External Merge Sort is necessary when you cannot store all the data into memory. The best you can do is break the data into sorted runs and merge the runs in subsequent passes. The length of a run is tied to your available buffer size.

Pass0: you are doing the operations IN PLACE. So you load 5 pages of data into the buffers and then sort it in place using an in place sorting algorithm.
These 5 pages will be stored together as a run.

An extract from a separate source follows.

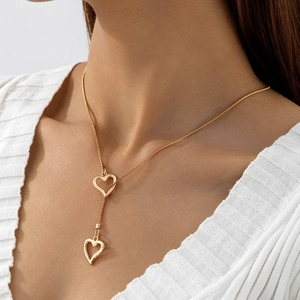 Gros plan du collier doré à double pendentif en forme de cœur porté par un mannequin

Following passes: you can no longer do the operations in place since you’re merging runs of many pages. 4 pages are loaded into the buffers and the 5th is the write buffer. The merging is identical to the merge sort algorithm, but you will be dividing and conquering by a factor of B-1 instead of 2. When the write buffer is filled, it is written to disk and the next page is started.

Complexity:
When analyzing the complexity of external merge sort, the number of I/Os is what is being considered. In each pass, you must read a page and write the page. Let N be the number of pages. Each run will cost 2N. Read the page, write the page.
Let B be the number of pages you can hold buffer space and N be the number of pages.
There will be ceil(log_B-1(ceil(N/B))) passes. Each pass will have 2N I/Os. So O(nlogn).

In each pass, the page length of a run is increasing by a factor of B-1, and the number of sorted runs is decreasing by a factor of B-1.
Pass0: ceil(108 / 5) = 22, 5 pages per run
Pass1: ceil(22 / 4) = 6, 20 pages per run
Pass2: ceil(6 / 4 ) = 2, 80 pages per run
Pass3: ceil(2 / 4 ) = 1 – done, 1 run of 108 pages